The good: This is a great collector's set. Although they're not spectacular, they look good, and Upper Deck always has good photos of the players. If you're a collector of the purest ilk, you'll enjoy putting together the 250-card set, particularly because none of the cards are going to cost you an arm or a leg to find. It's also great if you're looking for a relatively unknown player's rookie card, because 50 of the 250 cards in the set are freshmen. And although it's not hard to collect the full base set, collectors looking for a challenge can still work on filling out gold and black parallel sets--the gold are randomly inserted 1:36, and the black are 1:720, so there's plenty of work there for a pure collector.
The bad: Don't look to pull a really exciting, rare card. Victory is an inexpensive set, and that's why you're not going to find any game-used equipment cards or signatures or so on--if you're looking to find those ones, you'd be better off looking into a different (and more expensive) set of cards. The Stars of the Game subset are also pretty cheesy; the designers tried to find a different adjective for each player, so you get 'Carey Price is precocious' and 'Tomas Vokoun is unflinching.' It's a bit of a stretch.
The verdict: Solid set overall. Just a fun set of cards to get into collecting, and you can get back to the fun of collecting rather than dumping absurd amounts of money into it, as some people do. Still, collectors looking for a challenge can try and assemble the parallel sets, and they won't be at all disappointed with the task.

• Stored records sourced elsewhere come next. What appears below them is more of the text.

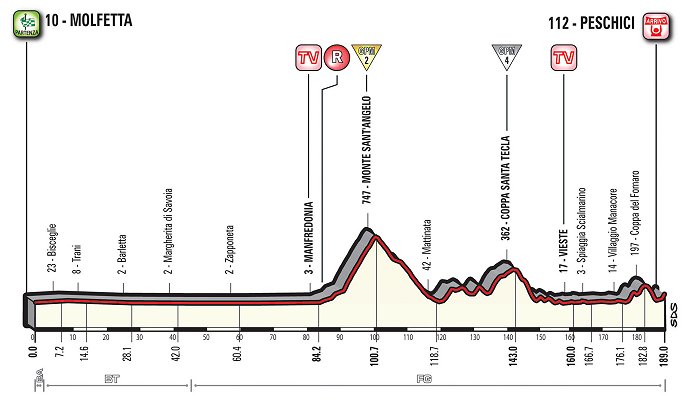 Thumbnail Credit (cycling.today): 2017 Giro dItalia  THE ROUTE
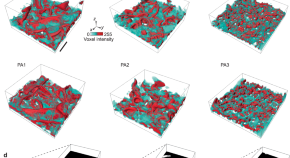 interesting research topics in materials science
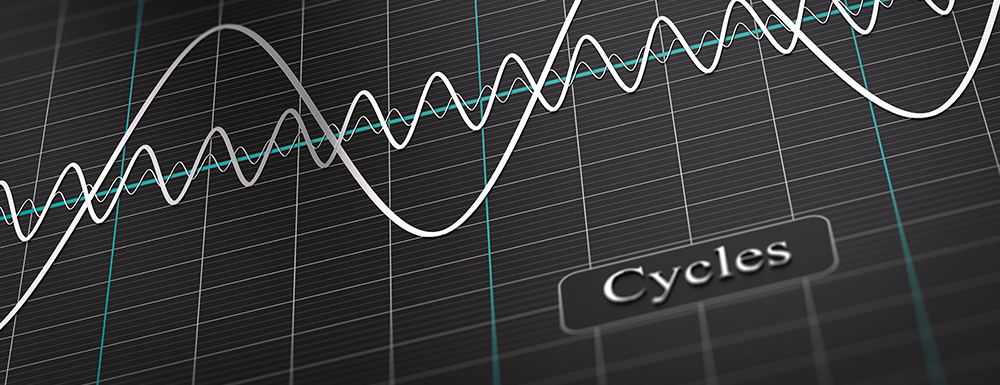Business Cycles - The Four Stages of Business Cycles (Guidant Blog)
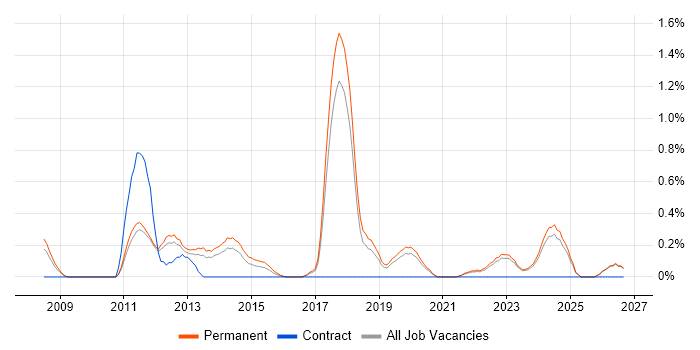 Junior Software Engineer job vacancy trend in Southampton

The favourites: Peter Regin rookie card
Upper Deck sent me a box to review, and the best card I got--on a personal level--was the Peter Regin rookie card. He's probably the best rookie of the ones I pulled, and he's an Ottawa Senator, so it was nice when that one popped up. After Regin, probably the Daniel Alfredsson base card; it's nothing special, but the photo's a great representation of the sheer determination the guy plays with.